Opened 2 months ago

Closed 3 days ago

#28137 closed enhancement (fixed)

Modify "Total consensus weights across bandwidth authorities" graph to only include relays that end up in the consensus

Reported by: karsten Owned by: metrics-team
Priority: Medium Milestone:
Component: Metrics/Statistics Version:
Severity: Normal Keywords:
Cc: metrics-team, teor, juga, pastly, arma, starlight@… Actual Points:
Parent ID: Points:
Reviewer: irl Sponsor:

Description

This suggestion is based on a discussion with arma and Sebastian in #tor-dev:

07:00:41 <+armadev> would be interesting to compare to: "the sum of moria1's 
                    votes about each relay that ended up in the consensus"
07:00:51 <+armadev> since that would compare between bwauths better
07:01:12 <+armadev> right now if moria1 knows about a bunch of relays that used 
                    to be around, but aren't now, and other dir auths don't 
                    know about them, then moria1 votes a much higher total

So, it does seem plausible that the totals by authority would be more useful if the underlying set of relays is the same.

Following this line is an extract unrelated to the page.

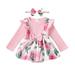 Mikrdoo Newborn Girls Clothes 3 Months Baby Girls Floral Print 6 Months Baby Girls Fake Two Pieces Ruffle Long Sleeve Bow Romper Dress With Headband 2Pcs Sets Pink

One issue is a technical one: we'd need to retain much more data in the database to implement this graph. The background is that we always need to match relays in a vote with the corresponding consensus in order to decide whether to include a relay in the total sum or not. However, we do not require descriptors to appear in a certain order, and we want the end result to be the same even if we process a consensus or vote a couple days or even weeks later.

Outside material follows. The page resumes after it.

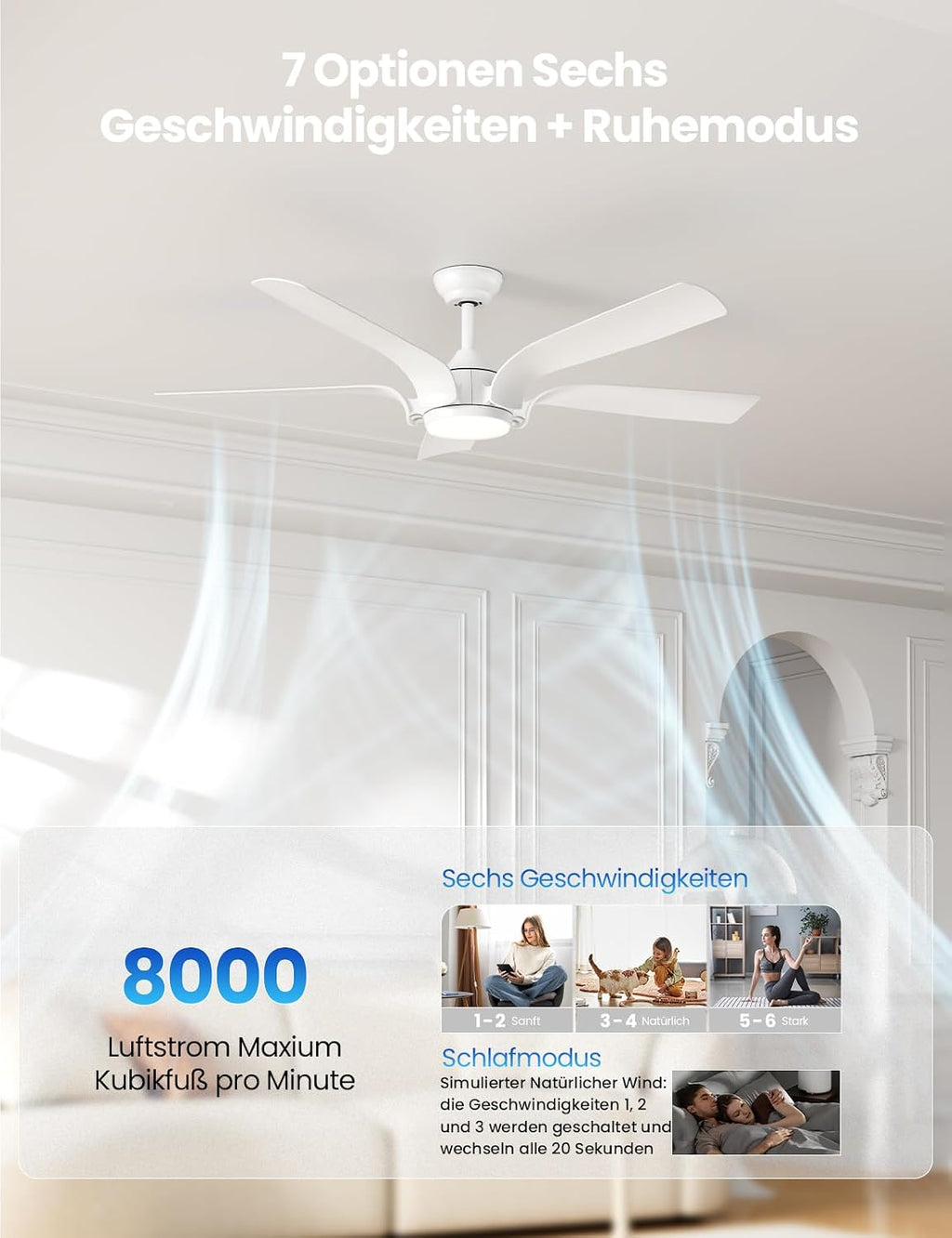 CJOY Deckenventilator mit Beleuchtung,142cm Weiß Deckenventilator mit Fernbedienung Leise, 6 Geschwindigkeiten, 3 CCT Dimmbar, Reversible 5 Flügel, Timer, Schlafmodus, Für Schlafzimmer/Wohnzimmer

Another, minor issue is that we'd have to reprocess the entire archive. This is doable and shouldn't stop us. Just saying that it's going to require some effort.

Are there alternatives, like only including relays from votes that have the Running flag?

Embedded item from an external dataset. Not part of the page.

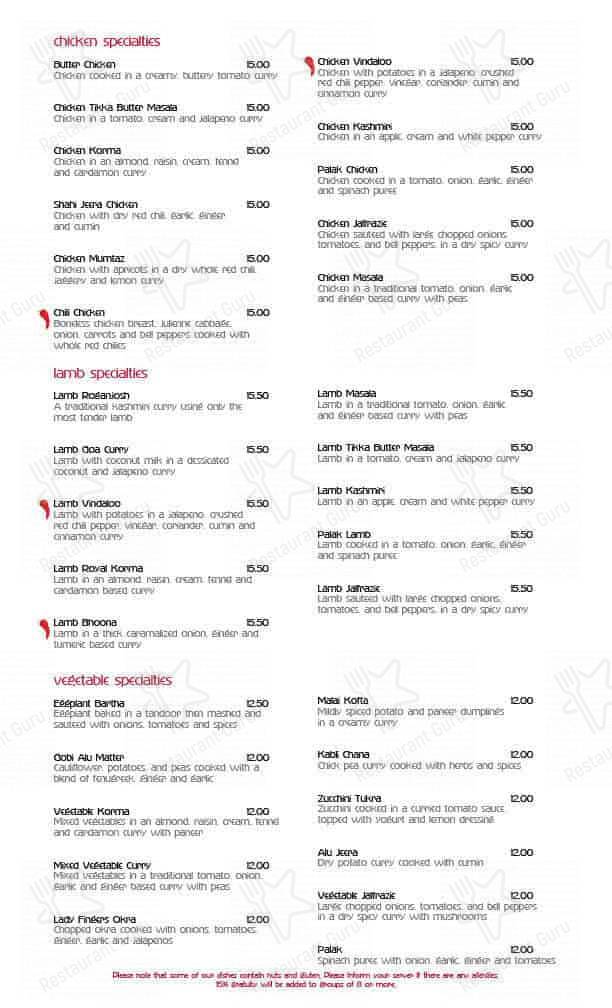 Moti Mahal Restaurant menu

Maybe we should run this analysis once and separate from metrics-web and then decide.

teor, juga, pastly, you were all involved in #25459 which led to the original graph. What do you think about this possible modification?

Child Tickets

Attachments (2)

totalcw-2018-11-22.png (138.7 KB) - added by karsten 4 weeks ago.
totalcw-2018-11-22a.png (147.9 KB) - added by karsten 4 weeks ago.

Download all attachments as: .zip

Change History (15)

comment:1 in reply to:  description Changed 8 weeks ago by juga

Replying to karsten:
[...[
]

So, it does seem plausible that the totals by authority would be more useful if the underlying set of relays is the same.

yes, i didn't realize about this before, i think makes more sense to compare the same set

[...]

Are there alternatives, like only including relays from votes that have the Running flag?

hmm, i'm not sure how this could help to make the graph more useful

Maybe we should run this analysis once and separate from metrics-web and then decide.

if this is not more extra work, yeah :)

[...]

comment:2 Changed 6 weeks ago by teor

I wanted the total for the relays in the consensus: I didn't realise we were getting something different.

Are there alternatives, like only including relays from votes that have the Running flag?

If checking the Running flag in a vote is faster, we could do it as an initial fix.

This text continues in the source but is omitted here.